神様の権威ある教え

《 マルコによる福音書 1章21~28節 》
 幼児を育てることは、容易ではありません。言うことを聞かない、自分勝手に動く、子ども同士で喧嘩するなど、時には力で押さえつけたくなります。親は子どもの成長に合わせ、育て方の重点を意識します。厳しく接するのか、優しくするのか、知識を習得させるようにするのか、個性的になるようにのびのび育てるのか、育て方の選択を迫られます。厳しく知識偏重に育てると、子どもは豊かなコミュニケーションより形式的な対応をするようになります。
 私は個性的でのびのびするように育てたいのですが、なぜなら子どもにとっていつまでも残るのは、愛される言葉によって育まれるところの愛する心だからです。人は愛される言葉のほうを向いて育ち、人間としての土台を築くのです。そして、喜ばしい人間関係を保つのは、愛される言葉で育てられるからです。そうすると、子どもは何ものにも替えがたい素晴らしい宝を得ることができます。今日の聖書箇所には、イエス様の愛の言葉による影響が記されています。それは、教えの中に抱かれたイエス様の愛の権威です。

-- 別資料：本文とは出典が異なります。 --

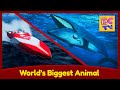 World S Biggest Animal The Blue Whale Sea Creatures For Kids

 ユダヤ人は安息日に会堂に集って礼拝し、モーセの律法と預言書とを学んでいました。小さな町や村にも会堂があり、それぞれに監督がいます。安息日と会堂はユダヤ人にとって生活の中心でした。会堂の礼拝は、シェマの祈り、聖書や律法の朗読など5つの手順を踏んで行なわれますが、聖書の朗読箇所の解説が含まれています。学者や長老に限らず、イスラエル人の男子なら誰でも、旧約聖書の解説をすることが認められていました。また、ユダヤ人の家族が10家族あれば1つの会堂がなければならないと、律法に定められていました。会堂は主として教育の施設で、大人にはメッセージが伝達され、子どもには初等教育を施す責任をもっていました。しかし会堂には常任の説教者がおらず、人々が礼拝に集まったときに、監督が聖書の解説をする人を指名することになっていました。そこで、どこの会堂でもイエス様は神様から委ねられたメッセージを伝えることができました。イエス様が会堂で教えたとき、その教え方や雰囲気は新しい啓示のようで、聞いていた人々は、律法学者のようでなく権威を持つ者のように教えられたので、驚き感心したのでした。

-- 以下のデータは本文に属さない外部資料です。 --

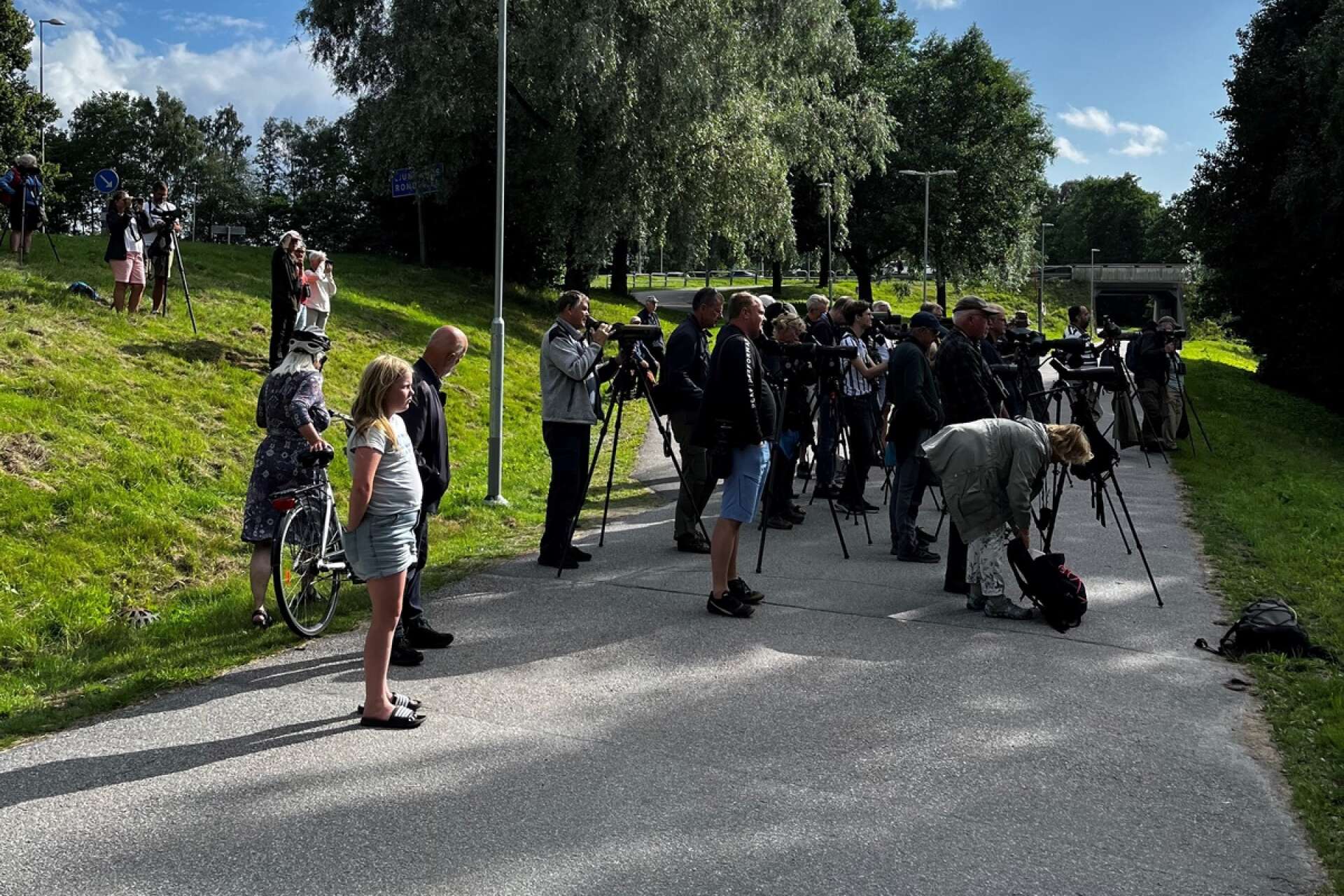 Efter Victor Lindhs rapport om natthägern på lördagsförmiddagen flockades snart fågelskådarna runt Ågårdsbron.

 ユダヤ人はモーセ五書を律法として最も尊重していました。その核心は十戒であり、律法はまったく神聖なものとしていました。また、律法を説明し補足した言い伝えが、学者によりタルムードと呼ばれる教典にまとめられました。夕ルムードは律法集ミシュナと、その解説からなるゲマラとからなっていました。律法は信仰と生活の最高の規則でなければならず、それは生活を指導するのに必要なものをすべて包含している必要がありました。そのため規則は細分化され、際限のない規律と規則となっていきました。指導する律法学者たちは学派に属し、自分の師から学んだ古い言伝えの知識を用いて語りましたが、律法の精神を忘れ、文字の枝葉末節に拘っていました。律法学者たちは個々の事例に審判を与える義務を持っており、事例の判断のために新しい細かい規則を作り出さなければなりませんでした。

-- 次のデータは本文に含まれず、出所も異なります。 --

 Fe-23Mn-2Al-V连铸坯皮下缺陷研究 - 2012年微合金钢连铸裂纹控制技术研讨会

 そのような背景の中で、イエス様の教えが律法学者たちと違っていたのはどこかというと、個人的権威をもって、自分の決断として語られた点です。一方、律法学者は、権威を引用して、自らの決断において語ることはなかったのです。彼らは、特に優れた偉大な律法学者たちからの引用を、自分の判断の支えとしていました。単独で審判することは、間違えば批判の対象となりえるので、決してしませんでした。ちょうど官僚の答弁のように、決して自分に責任が及ばない形で答えるのです。いわゆる大人の対応です。イエス様が話される場合は、イエス様自身の判断と責任において、すなわちご自身の権威で語られました。権威ある専門家たちの解釈を引用されませんでした。人々にとって、イエス様から聞くことは、今までとまったく違ったのです。イエス様はご自身の言葉で、相対する人に、内なる思いを率直に語り教えました。新しい教えとして、神様の真の教えとして、人々には聞こえたのです。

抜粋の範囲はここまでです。